20/4/09

La necesaria revisión de las miradas económicas de la izquierda para poder enfrentar la crisis económica


Daniel Albarracín. Marzo de 2009.

Estas notas son una mera reflexión inicial e introductoria, unas primeras ideas a perfilar. La construcción de una salida a la crisis es una labor colectiva en la que la inteligencia y fuerza social de muchas organizaciones, colectivos y personas deben aunar diálogo y esfuerzo.


1. Un diagnóstico de la crisis actual


La crisis en curso no es una crisis cualquiera. Y no sólo se trata de una crisis de liquidez o de confianza, o que tenga un origen remoto e inevitable (una economía internacional en abstracto) al que debamos plegarnos sin más.

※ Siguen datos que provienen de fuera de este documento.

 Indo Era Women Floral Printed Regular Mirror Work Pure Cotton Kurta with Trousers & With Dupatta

Aparte del contexto de crisis ecológica y de materias primas (agua, alimentos y petróleo) vienen a coincidir una crisis industrial periódica y un tope al recorrido de recuperación de la tasa de rentabilidad (que se había recuperado desde la crisis de los años 70). La crisis actual sólo tiene como factor desencadenante la crisis inmobiliaria y el colapso de las hipotecas subprime y el ascenso de la morosidad. Tiene como factor dominante un fenómeno de endeudamiento masivo y extraordinario de Estados, familias y empresas. Y, más en el fondo, como factor determinante, una extensión de una financiarización de la economía en la que la desregulación de los mercados y sistema financieros, y la succión del excedente económico por éstos de la economía productiva, han supuesto un estrangulamiento de la inversión. Añadido a esto esta variable se ha visto contraída merced la extensión de políticas de desinversión rentable y de reestructuración productiva, al tiempo que de agudización de las políticas de reforma social y laboral encaminadas a aumentar las tasas de explotación en estas últimas décadas.

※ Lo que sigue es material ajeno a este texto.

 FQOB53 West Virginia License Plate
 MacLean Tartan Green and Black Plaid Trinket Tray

Las tasas de rentabilidad, con resistencias socioeconómicas a mayores alzas, han sido insuficientes para hacer frente a los flujos de devolución de las deudas y, ante el colapso de ciertos mercados hasta ahora en auge, han generado una espiral perversa de solvencia, liquidez y confianza que han deprimido la demanda (inversión y consumo) y, en consecuencia, las condiciones y expectativas de beneficio que es lo que interrumpe en este momento este último ciclo rampante de crecimiento.

Para poder enfrentar con mínima eficacia y credibilidad esta crisis antes que nada debemos fijarnos en los procesos determinantes y dominantes de la misma, con lo que la regulación y reorientación de los mercados y sistemas financieros deben formar parte de cualquier paquete serio de medidas de actuación.

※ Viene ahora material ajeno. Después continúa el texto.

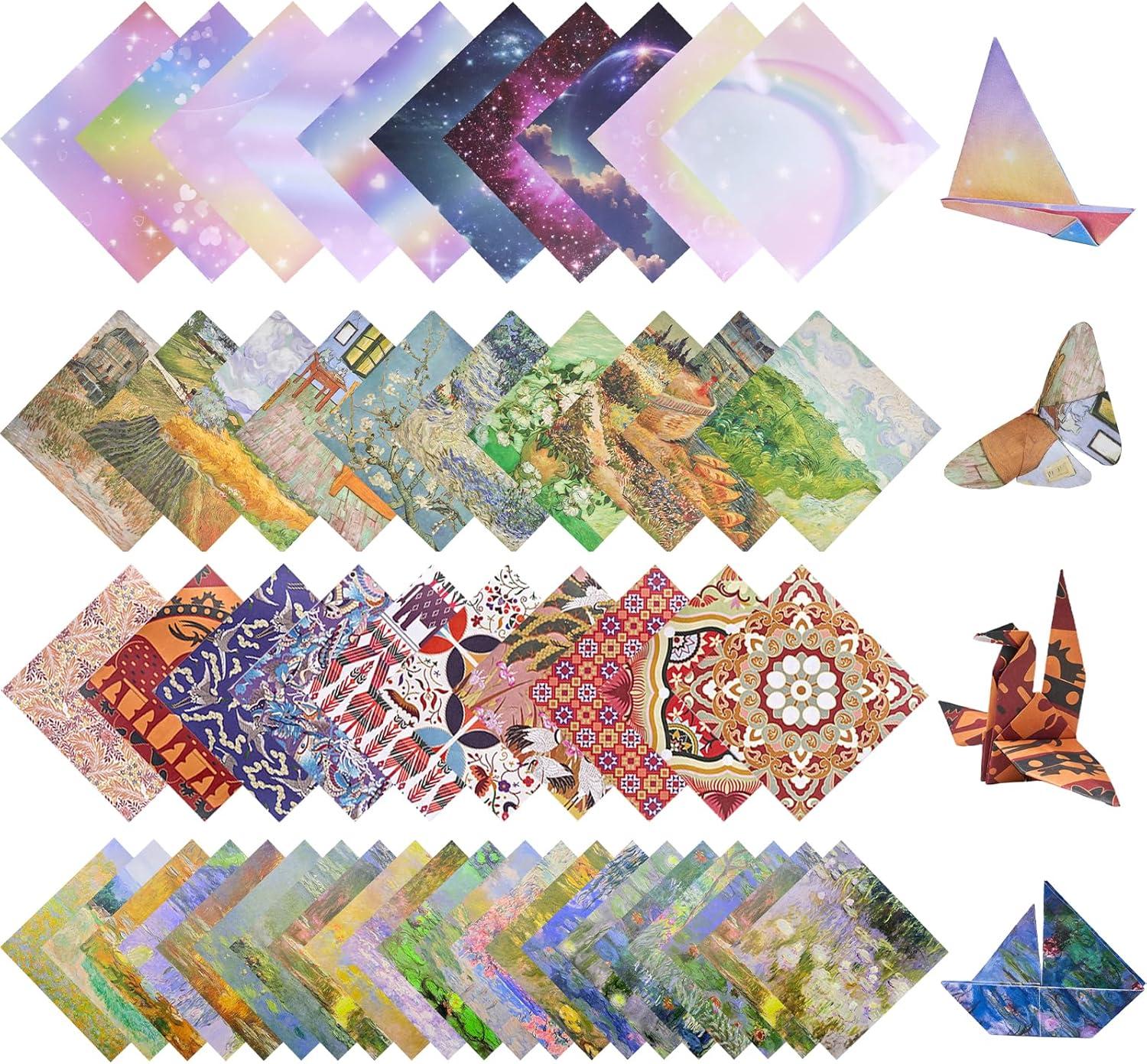 Dreamy Fantasy Origami Paper – 50 Sheets 6×6 Inches – Double-Sided Ethereal Patterns for Magic, Mythical & Celestial Crafts – for Adults, Kids & Artists, Ideal for Scrapbooking.(Artistic Pattern Series)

Y las salidas adoptadas por los gobiernos internacionales, más allá de unas reuniones que operan tímidas una concertación mínima hacia una política monetaria tendente a unos tipos de interés reales casi nulos, y una enunciación de medidas de regulación financiera aún sin concreción práctica (paraísos fiscales, control fondos de inversión agresivos), no son capaces de salir de la actual “trampa de la liquidez” y diferentes modalidades de socialización de pérdidas en rescate del sistema financiero. El gobierno español no propone más que medidas tímidamente keynesianas a favor del capital, y en el mejor de los casos tímida e inútilmente a favor del consumo (400 euros de deducción fiscal) o de la inversión en infraestructuras municipales con efectos multiplicadores más que dudosos. La modalidad suave de socialización de pérdidas no impide afirmar la misma orientación a favor del capital del gobierno español.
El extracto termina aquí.